As SpamAssassin is a Perl Module, it appears on CPAN first. In fact, it is only released when it arrives at CPAN. Users of CPAN can download the latest version of SpamAssassin literally minutes after it has been released.
Support is also easier to obtain if SpamAssassin is built from source. Some distributors make unusual decisions when creating their RPM of SpamAssassin or may modify certain default values. These make obtaining support more difficult.
RPMs also take time to be delivered. Distributors need time to build and test new versions of software before they release them, and most software packages are not updated as quickly as SpamAssassin. So, Linux distributions may not provide the latest software, and what is provided can be several versions out of date.

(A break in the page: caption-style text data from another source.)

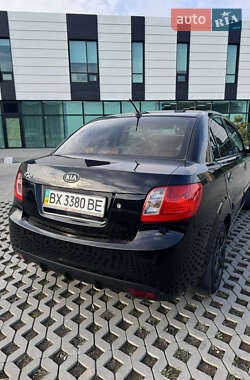 Седан Kia Rio 2011 в Хмельницком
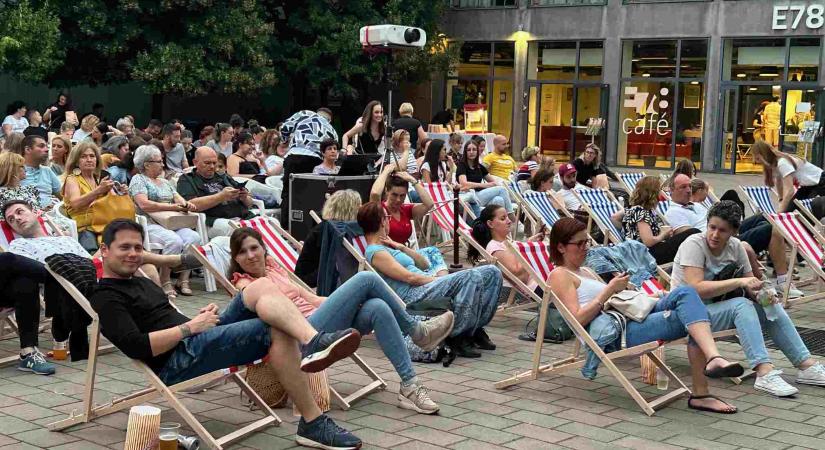 Mozizni jó! Pirogránit Kertmozi a Zsolnay Negyedben saját popcornnal - SzeretünkUtazni
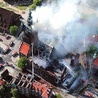 ▲	22 maja 2006 r. ogień zniszczył doszczętnie dach gdańskiej świątyni  św. Katarzyny. Cały czas trwa jej renowacja.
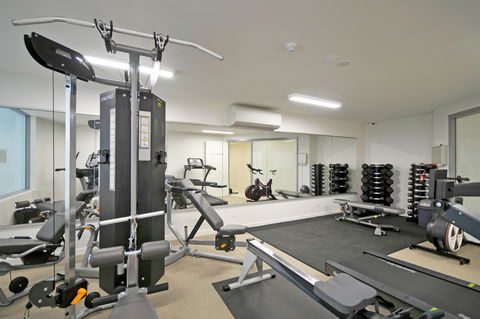 St George's Defence Holiday Suites Incorporating The Garland Luxury Apartments - Accommodation NT 6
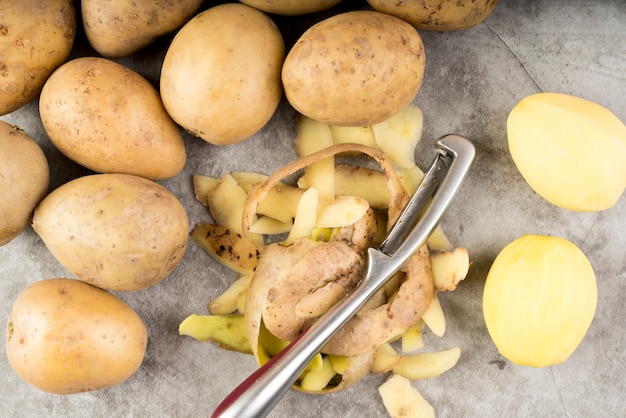 Foto gratuita composición de papas crudas peladas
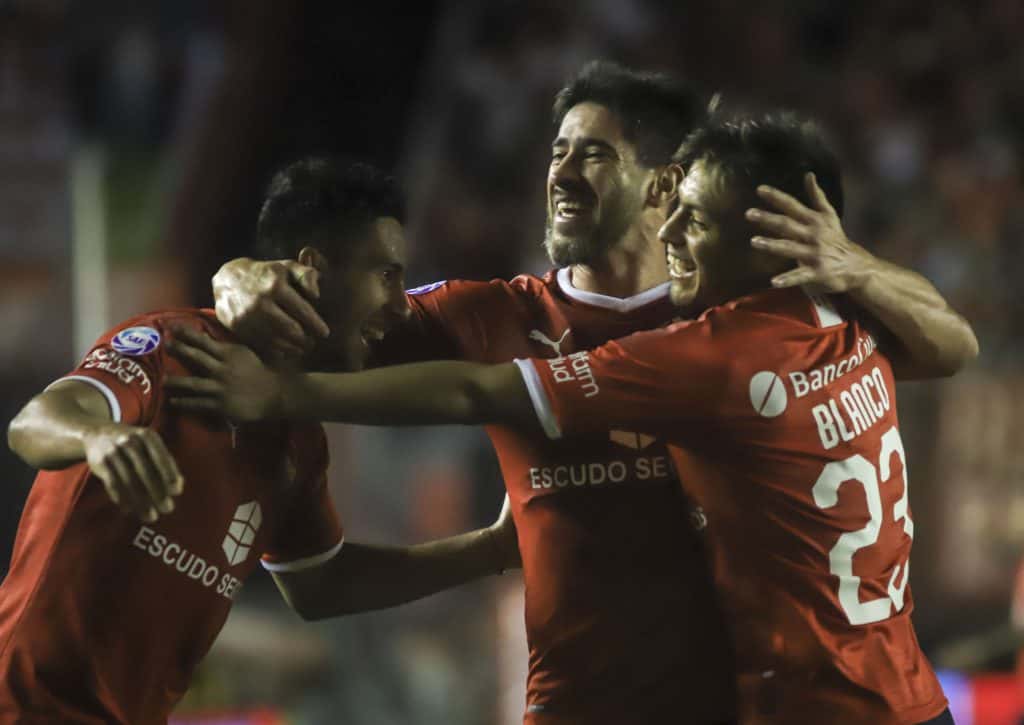 Independiente lo ganó en el final y fortalece su ilusión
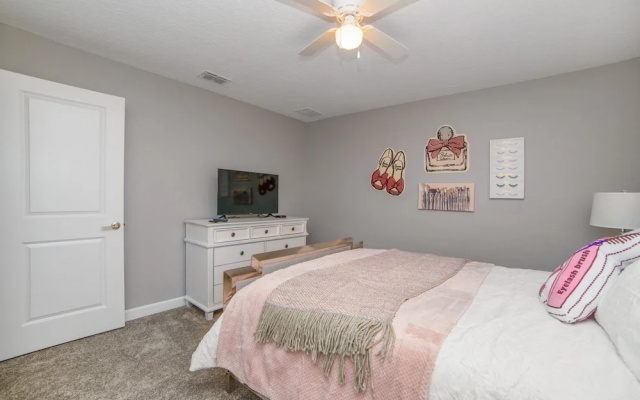 photo 5 of 8 Bdrm Champions Gate Villa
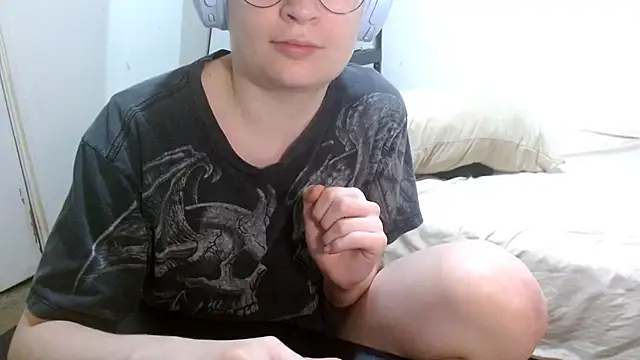Snapshot of livcutebaby chatting on 01.02.25 livcutebaby online show from 01.02.25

The prerequisites for installing SpamAssassin 3.2.5 using CPAN are as follows:
- Perl version 5.6.1 or later: Most modern Linux distributions will include this as a part of the base package.
- Several Perl modules: The current version of SpamAssassin needs the Digest::SHA1, HTML::Parser, and the Net::DNS modules. CPAN will install these if you configure it to follow dependencies, but there are many additional Perl modules that are optional and should be installed to get the best spam detection. CPAN will issue warnings with the module names, which will enable you to identify and install them.

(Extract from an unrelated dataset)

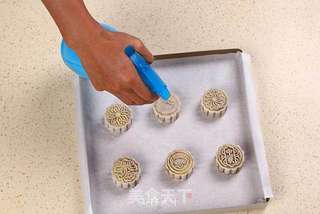 自己在家制作美味可口的广式月饼的做法步骤:11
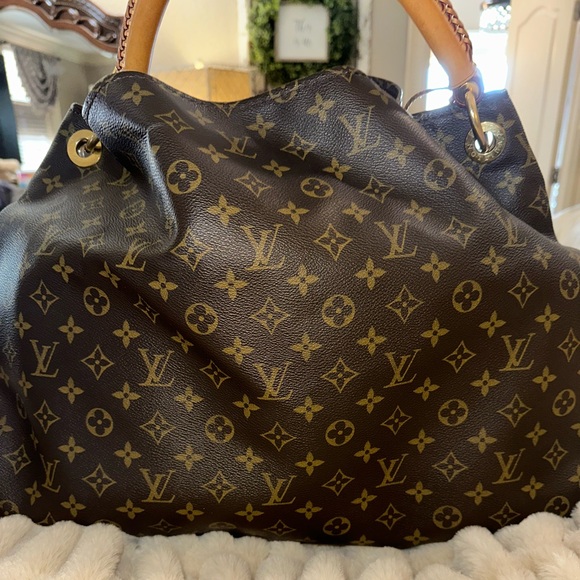Authentic Louis Vuitton artsy GM - Picture 1 of 16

- C compiler: This may not be installed by default and may have to be added using the rpm command. The compiler used will normally be called gcc.
- Internet connection: CPAN will attempt to download the modules using HTTP or FTP, so the network should be configured to allow this.
If you’ve used CPAN before, you can skip to the next section, Installing SpamAssassin Using CPAN.
If a proxy server is required for Internet traffic, CPAN (and other Perl modules and scripts) will use the http_proxy environment variable. If the proxy requires a username and password, these need to be specified using environment variables. As CPAN is normally run as root, these commands should be entered as root:
# export HTTP_proxy
# export HTTP_proxy_user
# export HTTP_proxy_pass
Next, enter this command:
# perl -MCPAN -e shell
If the output is similar to the following, the CPAN module is already installed and configured, and you can skip to the next section, Installing SpamAssassin Using CPAN.
cpan shell -- CPAN exploration and modules installation (v1.7601)
ReadLine support enabled
If the output prompts for manual configuration, as shown next, the CPAN module is installed but not configured.
Are you ready for manual configuration? [yes]
During configuration, the CPAN Perl module prompts for answers to around 30 questions. For most of the questions, selecting the default value is the best response. This initial configuration must be completed before the CPAN Perl module can be used. The questions are mainly about the location of various utilities, and the defaults can be chosen by pressing Enter. The only question for which we should change the default is the one about building prerequisite modules. If we configure CPAN to follow dependencies, it will install the required modules without prompting.
Policy on building prerequisites (follow, ask or ignore)? [ask] follow
Once CPAN is configured, exit the shell by typing exit and pressing Enter. We are now ready to use CPAN to install SpamAssassin.